美術をテーマに織り成す物語は、情熱や厳しさ、そして創造の奇跡を追体験するような魅力がありますね。私たちが今回選んだ4つの作品は、全て主人公が画家という共通項を持ちつつ、その描き方は様々です。
一つ目は、世界の巨匠と呼ばれる画家の波乱万丈な人生を描いた作品。彼がいかに大作を生み出したのか、その背景にある苦悩と希望に胸が熱くなります。
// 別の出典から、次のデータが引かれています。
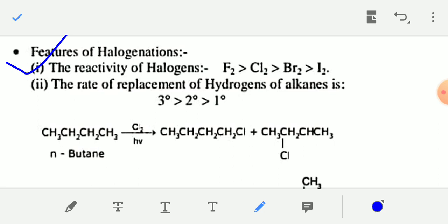The reactivity of halogens in halogenation is: fluorine > chlorine > bromine > iodine. Regarding the displacement of hydrogen atoms of alkanes, the rate of displacement follows: tertiary degree hydrogen is most easily replaced by a halogen atom, then secondary degree hydrogen, then primary degree hydrogen. That means three-degree hydrogen are most easily replaced.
二つ目は、中世の宮廷画家を描き出した歴史小説。謎多き芸術を創造してきた彼の背後には、予想外な物語が隠されています。
三つ目は近代に生きた女性画家の生涯に迫る作品。時代の枷に縛られながらも、自身の芸術に命を捧げていきます。
最後に一風変わったサスペンス小説。絵画を巡る攻防と、画家自身の深い闇に驚かされること間違いなしです。
これらの作品はどれも見逃せない一編ばかり。ぜひ手に取ってみてください。
『白光』
| 作者 | 朝井,まかて |
|---|---|
| 価格 | 不明 |
| 発売元 | 文藝春秋 |
| 発売日 | 2024年03月 |
『黄昏のために』
ハードボイルド小説から『三国志』、「大水滸」シリーズなど、その偉業は原稿用紙を重ねると3人分の背丈になる(本人談)という言わずもがなの巨匠・北方謙三さん。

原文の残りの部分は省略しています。